Correlation Between Flux Power and Protective Life
Can any of the company-specific risk be diversified away by investing in both Flux Power and Protective Life at the same time? Although using a correlation coefficient on its own may not help to predict future stock returns, this module helps to understand the diversifiable risk of combining Flux Power and Protective Life into the same portfolio, which is an essential part of the fundamental portfolio management process.
By analyzing existing cross correlation between Flux Power Holdings and Protective Life Dynamic, you can compare the effects of market volatilities on Flux Power and Protective Life and check how they will diversify away market risk if combined in the same portfolio for a given time horizon. You can also utilize pair trading strategies of matching a long position in Flux Power with a short position of Protective Life. Check out your portfolio center. Please also check ongoing floating volatility patterns of Flux Power and Protective Life.

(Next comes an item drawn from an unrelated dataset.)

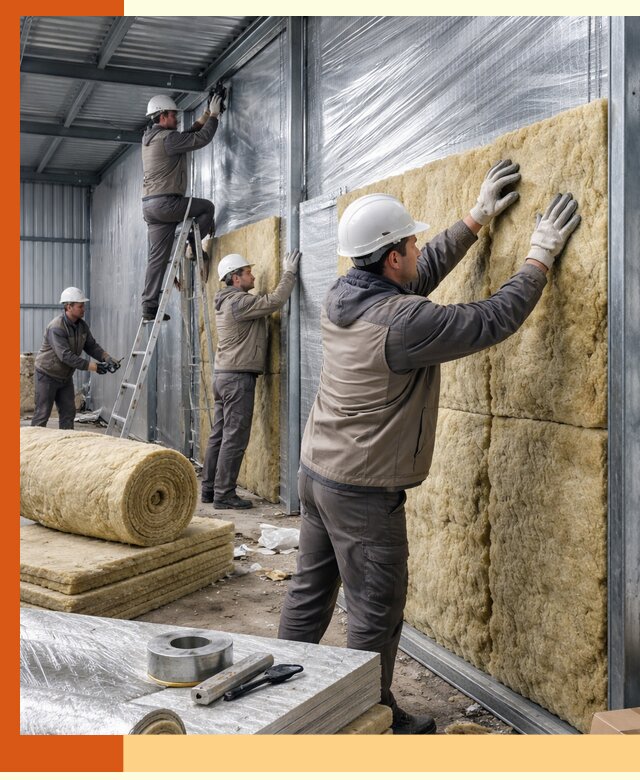 Утепление металлического склада в Ногинске: теплоизоляция и герметизация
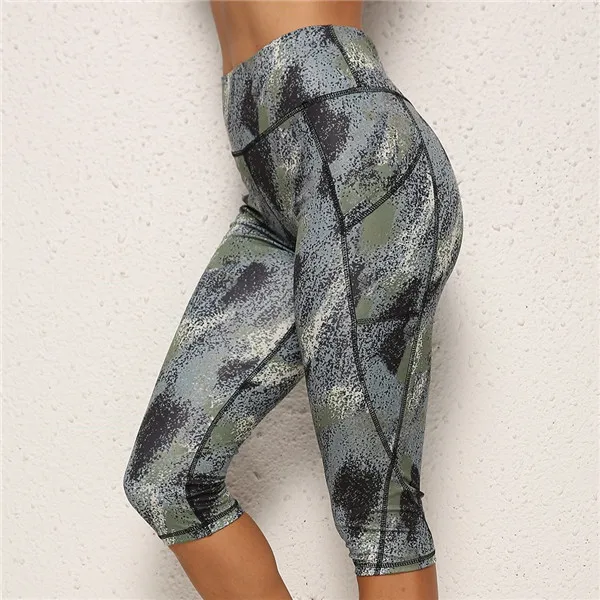 Military Green Женские панталоны для йоги, Кортоны, длина до колена, одноцветные, с цветочным принтом, высокие эластичные, дышащие, с боковым бедром, Pocksts, для фитнеса, Pantalones - Цвет: Military Green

Diversification Opportunities for Flux Power and Protective Life
0.0 | Correlation Coefficient |
Pay attention - limited upside
The 3 months correlation between Flux and Protective is 0.0. Overlapping area represents the amount of risk that can be diversified away by holding Flux Power Holdings and PROTECTIVE LIFE DYNAMIC in the same portfolio, assuming nothing else is changed. The correlation between historical prices or returns on Protective Life Dynamic and Flux Power is a relative statistical measure of the degree to which these equity instruments tend to move together. The correlation coefficient measures the extent to which returns on Flux Power Holdings are associated (or correlated) with Protective Life. Values of the correlation coefficient range from -1 to +1, where. The correlation of zero (0) is possible when the price movement of Protective Life Dynamic has no effect on the direction of Flux Power i.e., Flux Power and Protective Life go up and down completely randomly.

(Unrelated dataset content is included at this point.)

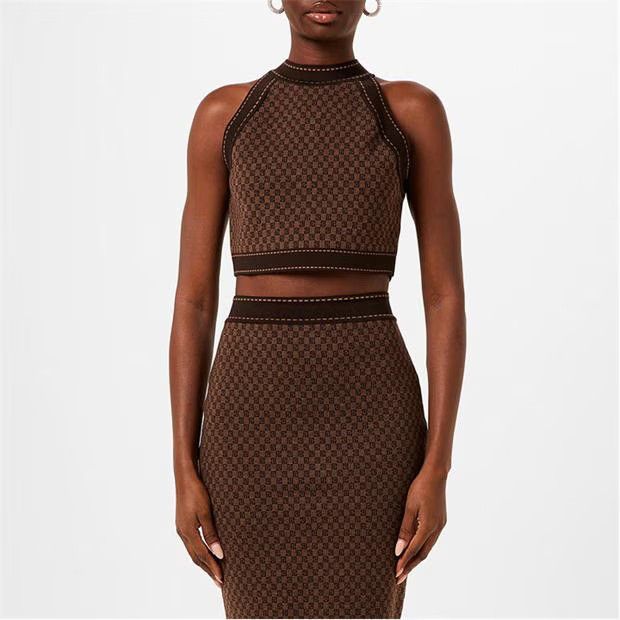 Balmain o1g2r1mq0924 Mini Monogram Jacquard Top in Brown Size M / US 6-8 / IT 42-44 - 3 Thumbnail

Pair Corralation between Flux Power and Protective Life
If you would invest 254.00 in Flux Power Holdings on December 29, 2023 and sell it today you would earn a total of 181.00 from holding Flux Power Holdings or generate 71.26% return on investment over 90 days.
Time Period | 3 Months [change] |
Direction | Flat |
Strength | Insignificant |
Accuracy | 0.0% |
Values | Daily Returns |
Flux Power Holdings vs. PROTECTIVE LIFE DYNAMIC
Performance |
Timeline |
Flux Power Holdings |
Protective Life Dynamic |
Risk-Adjusted Performance
0 of 100
Low | High |
Very Weak
Flux Power and Protective Life Volatility Contrast
Predicted Return Density |
Returns |
Pair Trading with Flux Power and Protective Life
The main advantage of trading using opposite Flux Power and Protective Life positions is that it hedges away some unsystematic risk. Because of two separate transactions, even if Flux Power position performs unexpectedly, Protective Life can make up some of the losses. Pair trading also minimizes risk from directional movements in the market. For example, if an entire industry or sector drops because of unexpected headlines, the short position in Protective Life will offset losses from the drop in Protective Life's long position.Flux Power vs. Bloom Energy Corp | Flux Power vs. ADS TEC ENERGY PLC | Flux Power vs. Microvast Holdings | Flux Power vs. NeoVolta Common Stock |
Protective Life vs. Balanced Fund Retail | Protective Life vs. Semiconductors Portfolio Semiconductors | Protective Life vs. Sarofim Equity | Protective Life vs. Crossmark Steward Equity |
Check out your portfolio center.Note that this page's information should be used as a complementary analysis to find the right mix of equity instruments to add to your existing portfolios or create a brand new portfolio. You can also try the Latest Portfolios module to quick portfolio dashboard that showcases your latest portfolios.